Thanks, that's 1 good surprise.

----------


## Tpoints

> *Cool guys, I was quite surprised to have many orders! *


that's what happens when you sell them cheap with free shipping!

----------


## CaptUSA

Just got 2 oz!  Thanks

----------


## oyarde

It is the 1932 D , that is valuable, if you have any 32's check them , if you find any , take them to the coin shop .

----------


## seraphson

Hi there your mailbox is full. Once you clear it out I'll send you my e-mail. Thanks!

----------


## cubical

Selling any gold below spot with free shipping? If so, let me know.

----------


## olehounddog

Got mine today

----------


## Tpoints

> Selling any gold below spot with free shipping? If so, let me know.


Instead of waiting on that, why not buy him up, resell it, and wait for your gold opportunity later?

----------


## opal

sigh.. the link on the first page now says sold out

payday is still 2 days off..

----------


## puppetmaster

just saw this...i was interested. i will be in next time

----------


## XTreat

Yeah, I went back to buy more and it was sold out.
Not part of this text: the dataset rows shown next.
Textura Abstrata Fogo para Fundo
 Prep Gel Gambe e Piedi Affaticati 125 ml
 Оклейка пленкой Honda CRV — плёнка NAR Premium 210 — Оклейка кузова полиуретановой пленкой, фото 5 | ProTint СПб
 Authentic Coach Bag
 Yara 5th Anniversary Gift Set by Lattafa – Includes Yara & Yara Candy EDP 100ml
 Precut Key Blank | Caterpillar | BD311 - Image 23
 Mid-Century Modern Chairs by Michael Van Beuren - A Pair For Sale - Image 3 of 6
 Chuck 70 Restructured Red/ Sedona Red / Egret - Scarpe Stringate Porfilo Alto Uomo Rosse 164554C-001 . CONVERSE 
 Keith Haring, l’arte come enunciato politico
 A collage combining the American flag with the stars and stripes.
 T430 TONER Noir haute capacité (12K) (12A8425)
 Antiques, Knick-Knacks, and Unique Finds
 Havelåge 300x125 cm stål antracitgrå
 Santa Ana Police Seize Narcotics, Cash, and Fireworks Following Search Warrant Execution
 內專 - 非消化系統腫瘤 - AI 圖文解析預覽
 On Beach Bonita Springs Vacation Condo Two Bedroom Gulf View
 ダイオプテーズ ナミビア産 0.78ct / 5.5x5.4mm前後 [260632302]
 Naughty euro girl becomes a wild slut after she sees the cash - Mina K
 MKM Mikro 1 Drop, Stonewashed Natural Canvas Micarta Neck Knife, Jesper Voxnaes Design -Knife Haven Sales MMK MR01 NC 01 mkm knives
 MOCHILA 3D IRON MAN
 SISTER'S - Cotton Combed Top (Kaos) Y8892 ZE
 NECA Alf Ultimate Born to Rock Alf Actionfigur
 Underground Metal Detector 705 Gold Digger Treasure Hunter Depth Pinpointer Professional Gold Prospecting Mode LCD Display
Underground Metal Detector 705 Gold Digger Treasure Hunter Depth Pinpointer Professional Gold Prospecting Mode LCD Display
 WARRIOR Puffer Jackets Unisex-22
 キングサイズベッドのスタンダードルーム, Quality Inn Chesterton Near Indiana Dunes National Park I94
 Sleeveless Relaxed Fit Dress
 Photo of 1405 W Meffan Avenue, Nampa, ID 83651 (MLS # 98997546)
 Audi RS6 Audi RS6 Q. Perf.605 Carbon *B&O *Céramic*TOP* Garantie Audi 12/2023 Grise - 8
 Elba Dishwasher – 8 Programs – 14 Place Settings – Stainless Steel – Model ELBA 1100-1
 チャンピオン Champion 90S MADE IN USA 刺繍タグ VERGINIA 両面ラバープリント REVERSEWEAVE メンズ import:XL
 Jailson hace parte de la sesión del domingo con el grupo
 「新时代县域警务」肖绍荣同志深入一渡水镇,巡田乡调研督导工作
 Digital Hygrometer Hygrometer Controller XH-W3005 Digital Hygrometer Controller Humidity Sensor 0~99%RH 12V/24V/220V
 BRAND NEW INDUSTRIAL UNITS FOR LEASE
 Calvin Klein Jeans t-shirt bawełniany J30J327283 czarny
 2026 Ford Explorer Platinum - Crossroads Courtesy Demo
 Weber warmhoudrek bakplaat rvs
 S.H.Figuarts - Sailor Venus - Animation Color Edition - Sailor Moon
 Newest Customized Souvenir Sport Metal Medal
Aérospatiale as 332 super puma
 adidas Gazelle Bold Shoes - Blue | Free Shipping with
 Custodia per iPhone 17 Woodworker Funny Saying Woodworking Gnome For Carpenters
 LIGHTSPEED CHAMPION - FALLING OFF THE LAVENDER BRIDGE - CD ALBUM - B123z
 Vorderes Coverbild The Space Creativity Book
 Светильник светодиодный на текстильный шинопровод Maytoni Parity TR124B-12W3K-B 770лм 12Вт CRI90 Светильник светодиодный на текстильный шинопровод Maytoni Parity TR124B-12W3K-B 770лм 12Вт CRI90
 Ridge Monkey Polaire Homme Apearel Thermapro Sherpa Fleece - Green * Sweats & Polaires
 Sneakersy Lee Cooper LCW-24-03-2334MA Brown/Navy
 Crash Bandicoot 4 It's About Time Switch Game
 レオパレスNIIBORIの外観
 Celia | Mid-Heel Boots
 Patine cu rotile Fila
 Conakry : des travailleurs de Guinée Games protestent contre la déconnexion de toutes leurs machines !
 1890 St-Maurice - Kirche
Let us know when you wanna unload those dimes.

----------


## oyarde

Good Luck with the new Baby .

----------


## tangent4ronpaul

> sigh.. the link on the first page now says sold out
> 
> payday is still 2 days off..





> just saw this...i was interested. i will be in next time





> Yeah, I went back to buy more and it was sold out. Let us know when you wanna unload those dimes.


Yeah, I was checking in for the same reason. 

As he's sold out, I'll mention that I've gotten really good coins from Brian at WarRifles.com over the years.  Never a problem.  You have to join the board and donate (starts at $30) in order to order coins.  It's worth it.  They also have auctions, group buys, discounts, etc.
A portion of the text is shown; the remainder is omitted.